6 reasons behind China Construction Bank's overweight stock rating
Find out why Barclays prefers CCB.
Barclays upgraded CCB to an Overweight rating from Equal Weight, and lifted its 12-month price target to HK$7.47 from HK$7.04, based on the updated three-stage dividend discount model.
"We raise our profit forecasts for 2012 and 2013 mainly due to our higher NIM and lower credit cost assumptions."
Here are Barclays' 6 reasons for upgrading CCB to Overweight:
The stock is one of the laggards in this round of the sector rally, having only gained 26% since 5 September, compared to the more than 40% sector average gain. We believe CCB is a defensive stock, with a high dividend yield of 5.7% in 2013E.

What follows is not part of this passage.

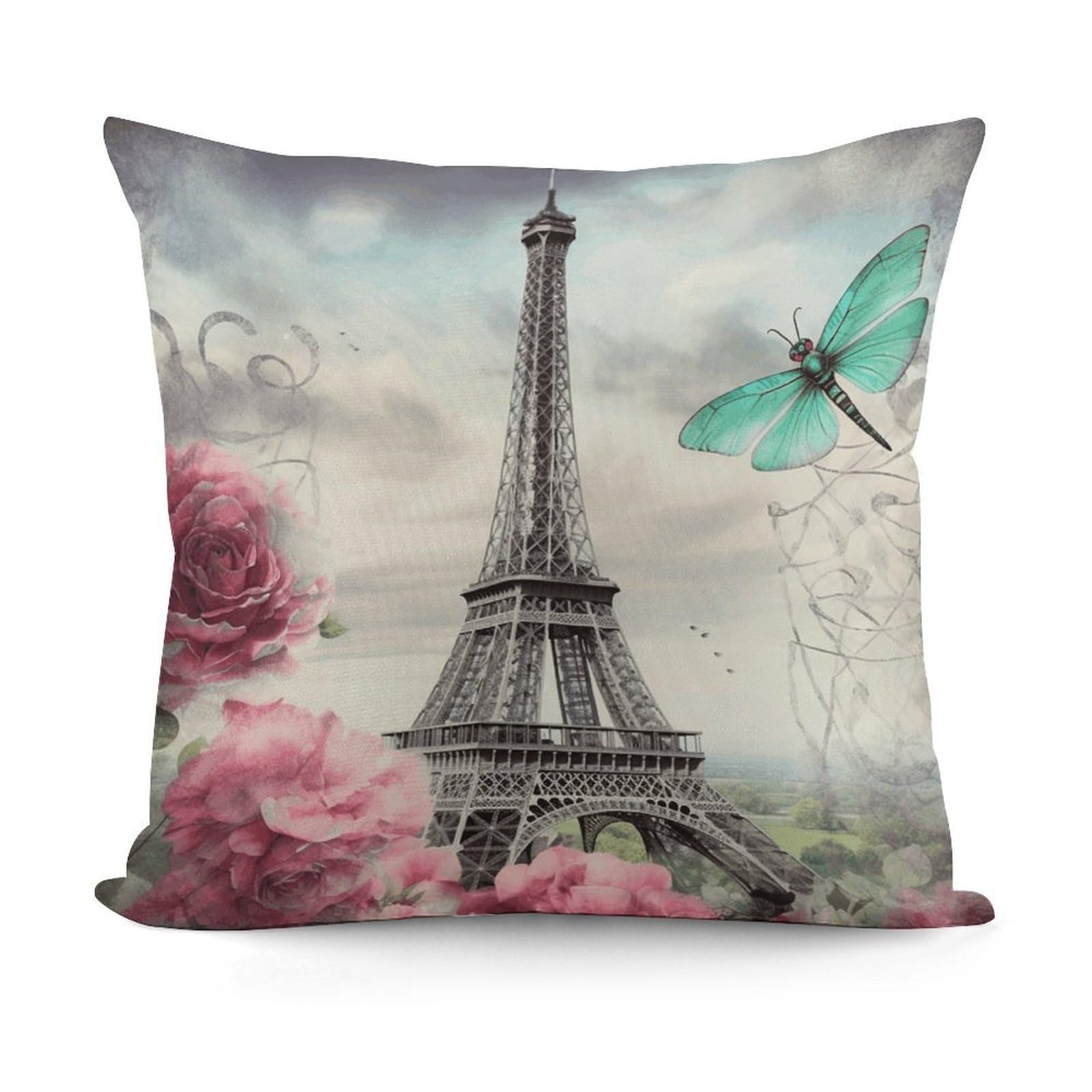 VstaDank Dragonfly French Tower Pillow Covers Soft Plush Decorative Square Pillow Cover Modern Breathable Pillowcases Pillowcase with Invisible Zipper 18x18 Inches for Sofa Living Room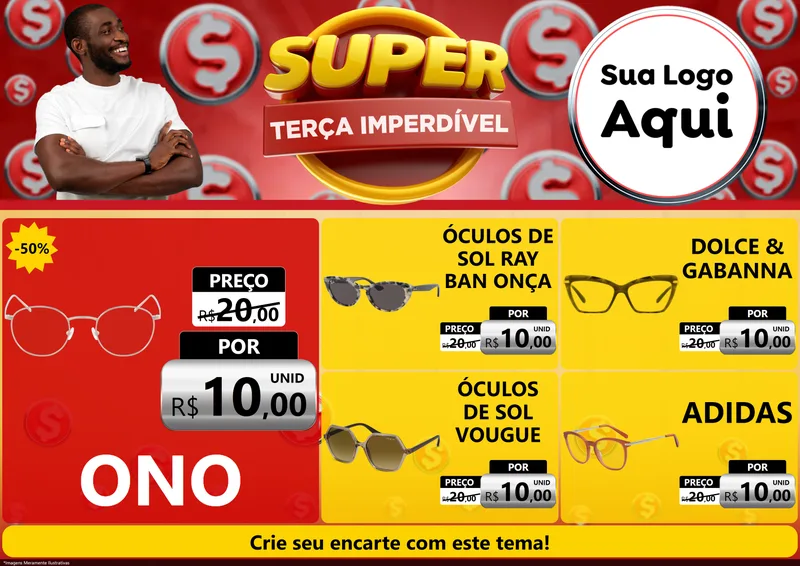 Modelo de Encarte para Encarte A4 Horizontal com o tema Super Terça Imperdível para Óticas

CCB has a strong profit growth track record, and we believe the bank will likely deliver a reasonable set of results in the upcoming full-year 2012 results season.
We believe CCB will maintain its conservative growth strategy and sound deposit base (low 65% LDR at end-3Q12) and strong capital level (Tier 1 at 11.35% at end-3Q12), which should be sufficient to support its future growth.
The bank reported a NIM rebound in 2Q12 and 3Q12 (+8bps q/q and +10bps q/q), after a 14bps q/q drop in 1Q12, owing to lower interbank borrowings and long-duration high-cost deposits, especially negotiated deposits.
We believe CCB’s NIM will stabilise after 1Q13 compression (due to one-off mortgage book repricing on 1 Jan), and its full year NIM contraction in 2013 might be smaller than the market is expecting, thanks to the bank’s asset mix improvement.
CCB has prudent risk management; one example would be the bank’s slower than peers’ growth in its LGFV loans in 2009-2010.
The bank has an overseas expansion plan in the high-growth Asia Pacific region. For example, there was a recent news report (Global Banking News, Feb 22, 2013) that CCB was targeting to bid for Rabobank’s Indonesia unit.
We believe the overseas expansion plan will help CCB mitigate the long-term negative impact from China’s interest rate deregulation process.